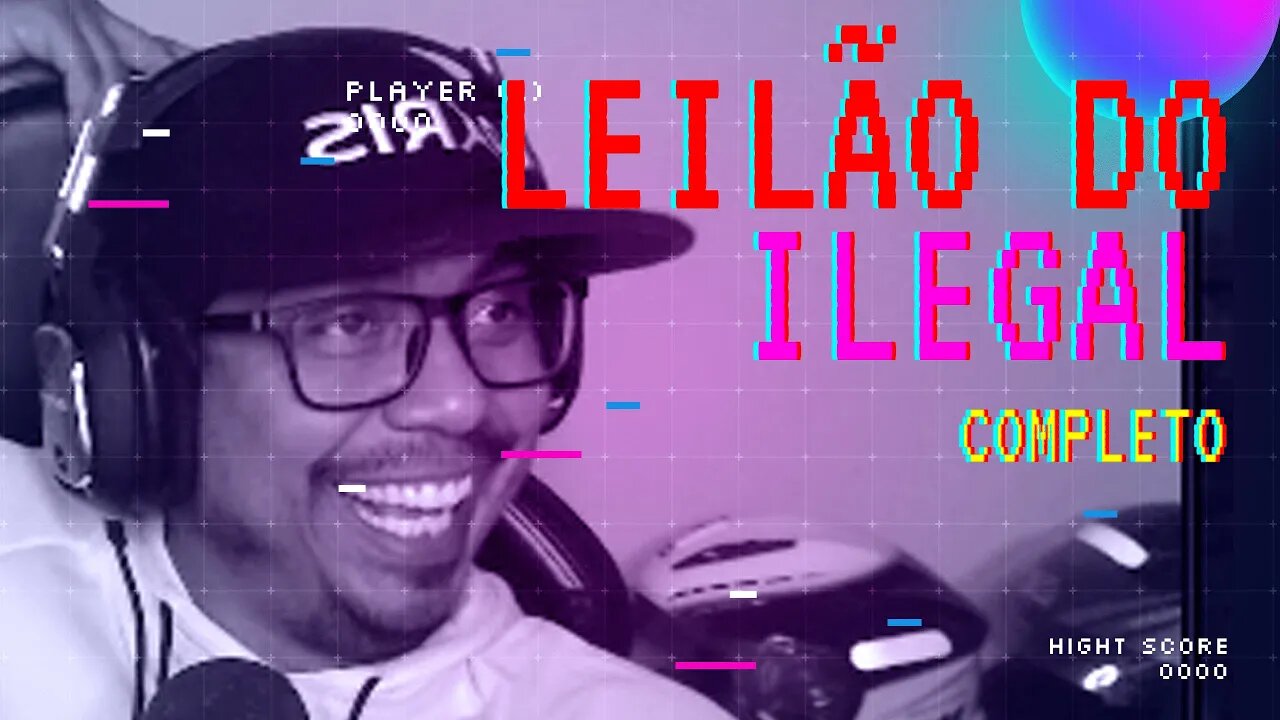 Coringa FanhoRP no leilão do ilegal | complexo gta rp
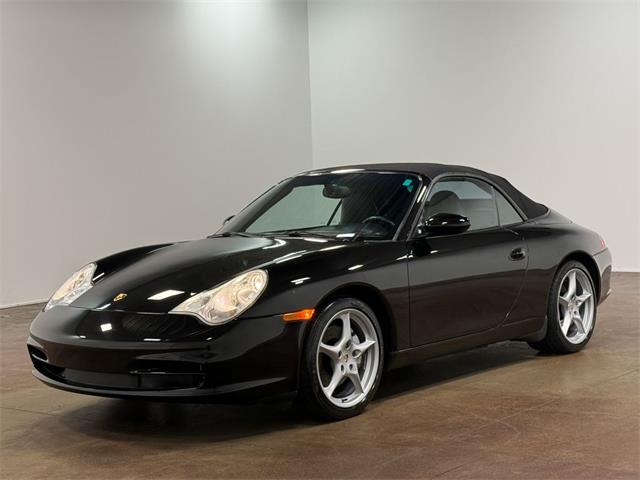 2003 Porsche 911 (CC-2069579) for sale in Sioux Falls, South Dakota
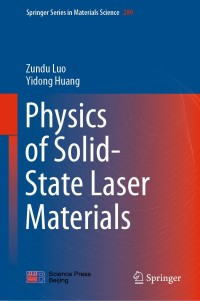 Cover image: Physics of Solid-State Laser Materials 9789813296671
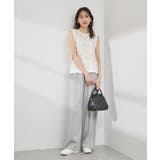 かぎ針ビスチェ×タンクトップセット | ROPE' PICNIC | 詳細画像14 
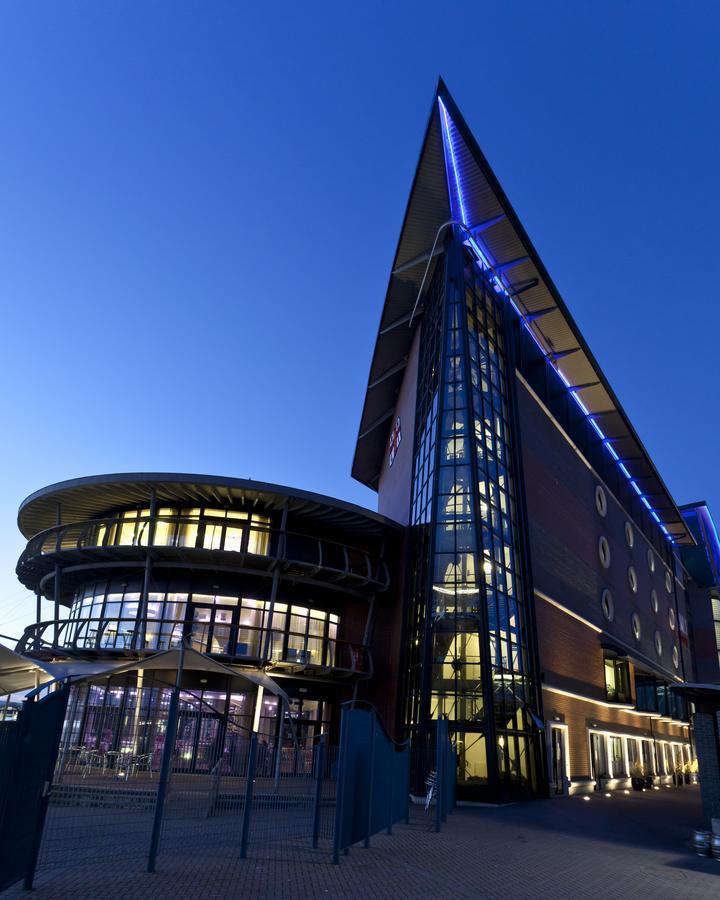 Hotel RNLI College Poole Esterno foto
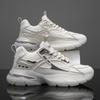 Men Sneakers New Casual Sneakers Men's Platform Thick Soled Anti Slip Comfortable Running Fashion Brand Versatile Trendy Shoes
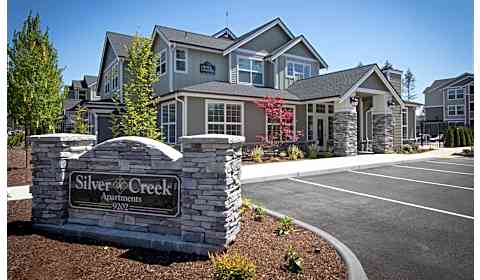 Silver Creek 176th Street E Puyallup Wa Apartments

_YOUR TASK_. The records above are to be set down exactly as written, with no images.

_YOUR RESPONSE_.
 Coringa FanhoRP no leilão do ilegal | complexo gta rp
 2003 Porsche 911 (CC-2069579) for sale in Sioux Falls, South Dakota
 Cover image: Physics of Solid-State Laser Materials 9789813296671
 かぎ針ビスチェ×タンクトップセット | ROPE' PICNIC | 詳細画像14 
 Hotel RNLI College Poole Esterno foto
 Men Sneakers New Casual Sneakers Men's Platform Thick Soled Anti Slip Comfortable Running Fashion Brand Versatile Trendy Shoes
 Silver Creek 176th Street E Puyallup Wa Apartments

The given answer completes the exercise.